San Benedetto, vissuto nel VI secolo, non fu scienziato né inventore, ma un maestro di equilibrio e di umanità. La sua Regola — “Ora et labora” — insegna che il lavoro, anche il più semplice, acquista valore quando è orientato al bene comune. È questa visione, secondo Dom Rizzone, che deve ispirare anche la scienza contemporanea.
“L’uomo deve restare al centro, non la macchina”, spiega l’abate.
“San Benedetto ci ricorda che l’intelligenza umana non è chiamata a dominare, ma a custodire. La tecnologia deve servire la persona, non sostituirla”.

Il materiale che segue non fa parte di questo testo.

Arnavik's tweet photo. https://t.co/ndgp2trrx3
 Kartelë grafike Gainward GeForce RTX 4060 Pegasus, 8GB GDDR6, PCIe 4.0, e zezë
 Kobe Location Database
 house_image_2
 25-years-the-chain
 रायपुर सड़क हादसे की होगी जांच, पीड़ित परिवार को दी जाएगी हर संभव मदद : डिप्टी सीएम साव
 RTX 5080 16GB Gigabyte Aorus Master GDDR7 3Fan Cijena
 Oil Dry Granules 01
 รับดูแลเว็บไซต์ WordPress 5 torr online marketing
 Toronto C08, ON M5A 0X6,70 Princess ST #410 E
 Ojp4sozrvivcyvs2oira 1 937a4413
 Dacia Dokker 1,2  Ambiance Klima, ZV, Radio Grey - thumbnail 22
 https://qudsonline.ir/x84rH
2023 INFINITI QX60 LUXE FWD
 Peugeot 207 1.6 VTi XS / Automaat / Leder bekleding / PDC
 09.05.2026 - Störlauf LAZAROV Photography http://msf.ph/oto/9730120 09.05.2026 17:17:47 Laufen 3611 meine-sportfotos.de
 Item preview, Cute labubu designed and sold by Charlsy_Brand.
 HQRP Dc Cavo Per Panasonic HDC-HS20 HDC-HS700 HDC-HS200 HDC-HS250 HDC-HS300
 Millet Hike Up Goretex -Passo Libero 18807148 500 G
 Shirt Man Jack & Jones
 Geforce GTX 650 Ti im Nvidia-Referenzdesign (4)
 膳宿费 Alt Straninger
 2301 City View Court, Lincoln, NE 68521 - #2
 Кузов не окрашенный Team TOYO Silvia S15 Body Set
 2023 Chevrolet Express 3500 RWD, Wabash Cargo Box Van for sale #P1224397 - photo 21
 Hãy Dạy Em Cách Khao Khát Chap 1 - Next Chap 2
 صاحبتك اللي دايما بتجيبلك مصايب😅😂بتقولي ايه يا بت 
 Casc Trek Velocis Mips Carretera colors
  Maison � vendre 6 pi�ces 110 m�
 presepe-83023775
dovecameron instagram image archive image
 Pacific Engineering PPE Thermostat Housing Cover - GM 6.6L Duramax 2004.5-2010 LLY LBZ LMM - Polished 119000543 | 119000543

Nel tempo della corsa digitale e dell’intelligenza artificiale, il monaco di Norcia diventa così un maestro inatteso di modernità. Il suo invito all’equilibrio — la discretio — è un richiamo alla misura, alla prudenza, alla responsabilità. Perché non tutto ciò che si può fare, necessariamente si deve fare.
Uno dei passaggi più potenti della Regola benedettina invita i monaci a trattare ogni oggetto “come un vaso sacro dell’altare”.
“È una frase che racchiude una vera ecologia dello spirito,” spiega Dom Rizzone.
“Ci insegna il rispetto per la materia, per la creazione, per il mondo che ci è affidato. Anche la tecnologia deve nascere da un atteggiamento di custodia, non di conquista”.
Questa visione coincide perfettamente con la filosofia del Premio Dusmet 2025, che promuove progetti in grado di coniugare innovazione e cura, ricerca e compassione, scienza e dignità umana.
Nel monastero benedettino, nulla è individuale: ogni gesto, ogni lavoro, ogni scoperta nasce e si compie nella vita comunitaria.
“Anche la scienza più autentica è comunitaria — continua l’abate — perché nasce dal dialogo, dalla condivisione, dalla fiducia reciproca. Innovare alla maniera benedettina significa costruire insieme, riconoscendo che il sapere è un bene comune”.
In questa prospettiva, la Fondazione Dusmet si presenta come uno spazio di comunione tra mondo accademico, istituzioni, startup e società civile. Il Premio Dusmet 2025, infatti, non è solo un riconoscimento, ma un luogo di incontro tra ricerca scientifica e valori spirituali, tra intelligenza tecnologica e intelligenza del cuore.
Dom Rizzone riporta al centro due parole chiave della tradizione benedettina: misura e misericordia.
“In un’epoca che esalta la corsa al nuovo, San Benedetto ci invita a rallentare. Non tutto ciò che è possibile è anche buono. L’innovazione deve essere guidata dalla misericordia: la conoscenza deve chinarsi sulle ferite del mondo, non ignorarle”.
È una visione che restituisce alla scienza il suo volto più nobile: quello della cura. Perché la vera innovazione non nasce dalla fretta o dal profitto, ma dalla fedeltà al bene, dalla volontà di costruire un mondo in cui la conoscenza diventi strumento di vita e non di esclusione.
“Innovare è amare,” conclude l’abate Dom Vittorio Rizzone.
“È scegliere di mettere la propria intelligenza al servizio della vita. È costruire un futuro dove la conoscenza e la cura camminano insieme.”
Nel suo messaggio risuona la stessa ispirazione che anima il Premio Dusmet 2025 – Life Science Innovazione Sociale: riconoscere e premiare quelle esperienze in cui la scienza non si limita a spiegare il mondo, ma lo migliora.
Un futuro, dunque, che non separa il laboratorio dal monastero, ma li unisce nel segno dell’amore per l’uomo.